251144 Revenue + Effort = Outcomes: Applying Business Planning to Mobilizing for Action Through Planning and Partnerships (MAPP) Community Health Improvement

Monday, October 31, 2011: 2:30 PM

Christine Abarca, MPH, MCHES , Office of Health Statistics and Assessment, Florida Department of Health, Tallahassee, FL
Steve Orton, PhD , North Carolina Institute for Public Health, UNC Gillings School of Global Public Health, Chapel Hill, NC
Belinda Johnson-Cornett, MS, RN-BC, MBA , Administrator, Osceola County Health Department, Jacksonville, FL
Mary Kate Allee , Public Health Infrastructure and Systems, National Association of County & City Health Officials, Washington, DC
Community collaboration, strategic alliances, cross-disciplinary coordination, advocacy, strategic coordination of resources, and public policy development and analysis are all components of a strategic approach to addressing health. Mobilizing for Action through Planning and Partnerships (MAPP) is a community-based strategic planning process that helps local public health systems set priorities and identify resources for addressing them. MAPP is unique in that (a) it is driven by four different assessments that provide a comprehensive picture of the community's heath opportunities and challenges; (b) it is a community-wide—rather than agency focused—effort to improve the public's health; and (c) it enables users to incorporate previous and current performance improvement efforts into the framework.

One challenge for MAPP communities is moving from data collection and strategy development into public health action. Enter the University of North Carolina at Chapel Hill Management Academy for Public Health. This program prepares teams of health professionals for new management challenges in community health. Every team writes and presents a business plan designed to address a key public health problem.

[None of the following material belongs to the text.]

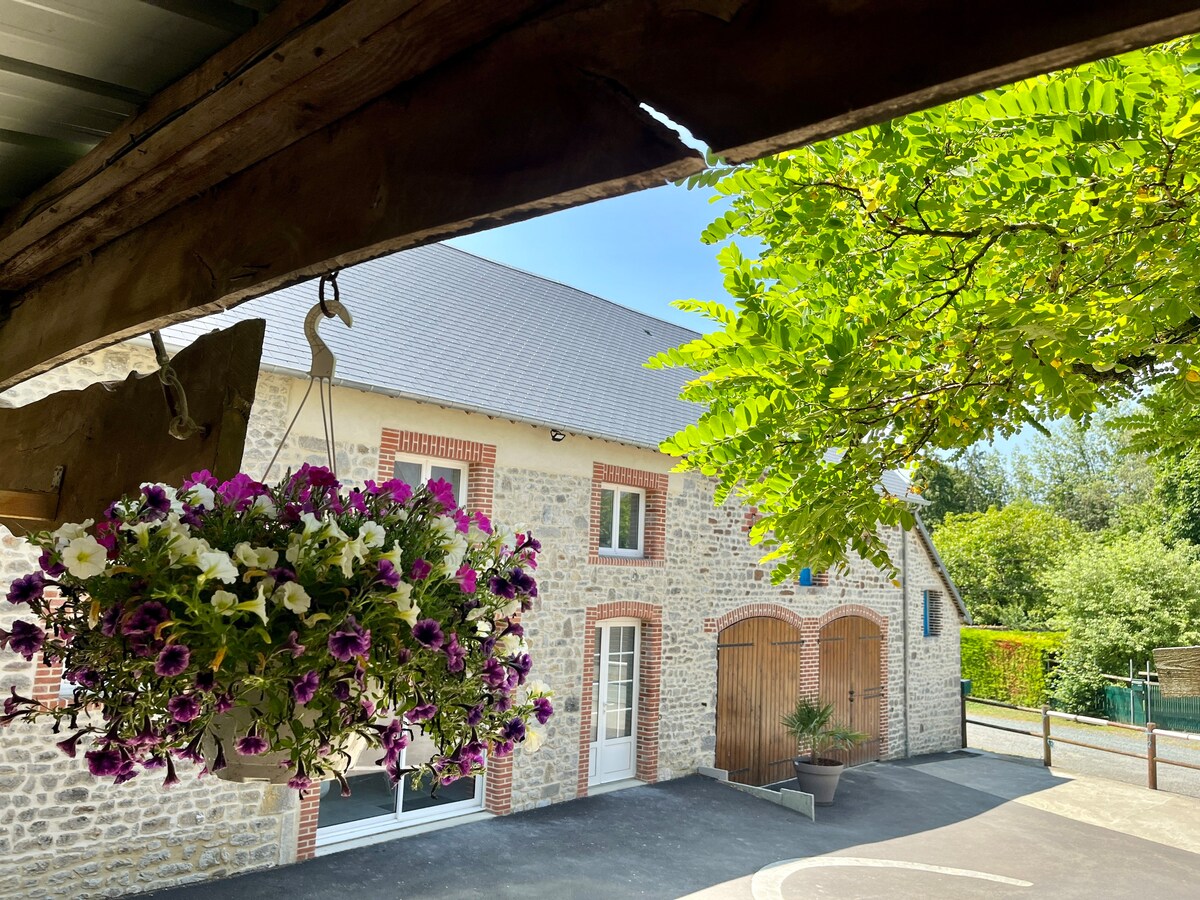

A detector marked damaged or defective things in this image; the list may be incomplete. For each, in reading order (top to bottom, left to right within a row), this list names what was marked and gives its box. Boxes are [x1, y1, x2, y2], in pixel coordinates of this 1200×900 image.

rusty beam bracket [0, 465, 63, 520]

To better reach MAPP communities the Management Academy took their program “on-the-road” to Florida. Working together, the Florida Department of Health and the Management Academy provided intensive one-day sessions in two locations for five different counties. With local partners, public health professionals developed business plans that came directly from community health assessments or health improvement plans.

This session will provide an overview of the MAPP process with in-depth discussions of public health program implementation. Participants will have the opportunity to ask questions of MAPP staff and experienced users, and network with new and experienced MAPP users. This session will be of particular interest to state and local health department staff, community partners, and others interested in community health improvement initiatives.

Learning Areas:
Administer health education strategies, interventions and programs
Assessment of individual and community needs for health education
Implementation of health education strategies, interventions and programs
Planning of health education strategies, interventions, and programs
Program planning
Systems thinking models (conceptual and theoretical models), applications related to public health

Learning Objectives:
Describe the Mobilizing for Action through Planning and Partnerships (MAPP) process Discuss common challenges to moving into MAPP’s action phase Identify the Management Academy as a program that helps to address the action phase Describe the virtual components of Management Academy

Keywords: Assessments, Business Plans

Presenting author's disclosure statement:

Qualified on the content I am responsible for because: I am the senior analyst for the Mobilizing for Action through Planning and Partnerships project at the National Association of County and City Health Officials.
Any relevant financial relationships? No

I agree to comply with the American Public Health Association Conflict of Interest and Commercial Support Guidelines, and to disclose to the participants any off-label or experimental uses of a commercial product or service discussed in my presentation.